Closed philippemerle closed 2 years ago

philippemerle commented 2 years ago

For the following service template

tosca_definitions_version: tosca_simple_yaml_1_3
topology_template:
  node_templates:
    compute:
      type: tosca.nodes.Compute
      attributes:
        public_address: my.compute.com
  outputs:
    compute_public_address:
      value: { get_attribute: [compute, public_address] }

puccini reports the following error

$ puccini-tosca parse puccini-output_without_type.yaml 
PROBLEMS (1)
  file:/.../puccini-output_without_type.yaml
    @10,5 topology_template.outputs["compute_public_address"].type: missing required field

According to Section 3.6.14.1 of TOSCA 1.3 or Section 4.4.11.1 of TOSCA 2.0, the type keyname is not required/mandatory. For info, this template is validated by Ubicity Validator, xOpera and my own parser.

tliron commented 2 years ago

The type keyname is indeed not mandatory in Puccini. However, there will be an error if it is not finally present. In this case I assume that your own parser extracts the type via the retrieved attribute in the get_attribute function. However Puccini intentionally does not assume anything regarding the return type of functions.

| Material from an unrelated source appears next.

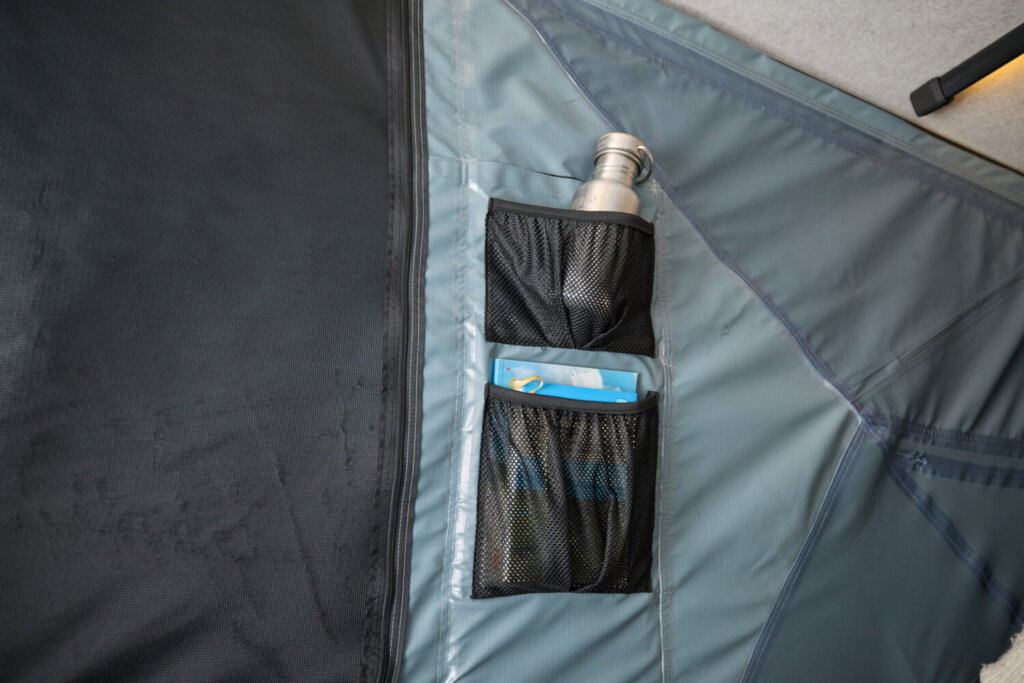 Thule Widesky, daktenten, daktent, Thule Approach, kamperen, de beste daktent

I'm not sure how best to handle this.

tliron commented 2 years ago

OK. I have a solution, but it has some subtleties. For parameters only (and not for attributes and properties) I am allowing them to remain finally untyped, thus the parser will not emit an error.

Strictly speaking this will adhere to the TOSCA spec. However, I imagine that other TOSCA processors may handle this differently. In Puccini if you list the topology outputs then for those to which you have not explicitly ascribed a type indeed you will not see a type. However, you will see a value, which is the result of the function call.

I don't think this as a particularly bad outcome, but it may be an issue for specific implementations that rely on the type metadata. In that case, I would recommend users explicitly set a type in order to avoid any ambiguity.